Updated based on gemini prompt recommendations

Author: kennyj42

src/content/changelog/access/2025-09-22-Access-Application-Support-For-All-Ports-And-Protocols.mdx

@@ -0,0 +1,19 @@
+---
+title: Access private hostname applications support all ports/protocols
+description: Cloudflare Access for private hostname applications can now secure traffic on all ports and protocols. 🔒
+date: 2025-10-28
+products:
+  - access
+---
+
+[Cloudflare Access for private hostname applications](cloudflare-one/access-controls/applications/non-http/self-hosted-private-app/) can now secure traffic on all ports and protocols. 🔒
+
+Previously, applying Zero Trust policies to private applications required the application to use HTTPS on port 443 and support Server Name Indicator (SNI).
+
+This update removes that limitation. As long as the application is reachable via a Cloudflare off-ramp, you can now enforce your critical security controls—like single sign-on (SSO), MFA, device posture, and variable session lengths—to any private application.
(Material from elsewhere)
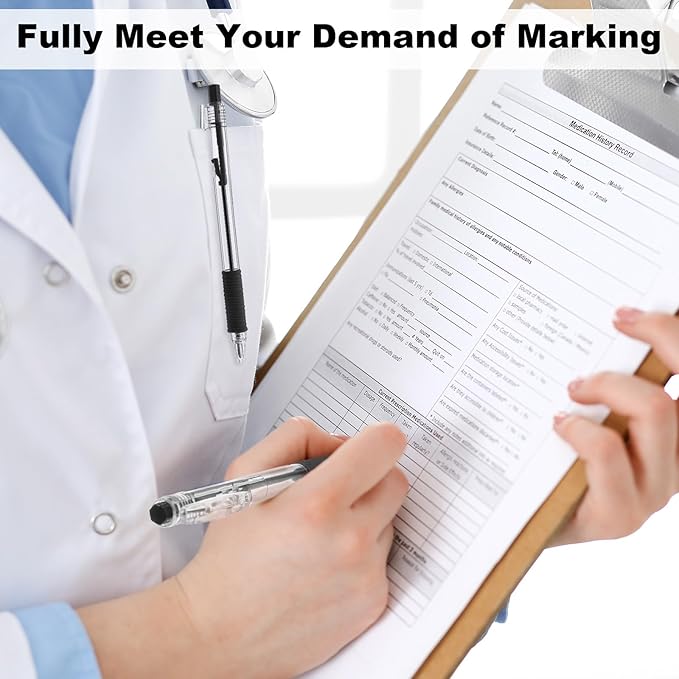 200 Pack Black Gel Ink Pens Bulk, 1.0mm Retractable Click Point Ballpoint Pens Smooth Writing with Comfortable Grip for Back to School Office Classroom Business Home Work Supplies-DeskLoop Office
This allows you to extend Zero Trust security to services like SSH, RDP, internal databases, and other non-HTTP applications.
+
+![Example private application on non-443 port](~/assets/images/changelog/access/internal_private_app_any_port.png)
+
+For example, you can now create a self-hosted application in Access for ssh.testapp.local running on port 22. You can then build a policy that only allows engineers in your organization to connect after they pass an SSO/MFA check and are using a corporate device.
+
+This feature is generally available across all plans.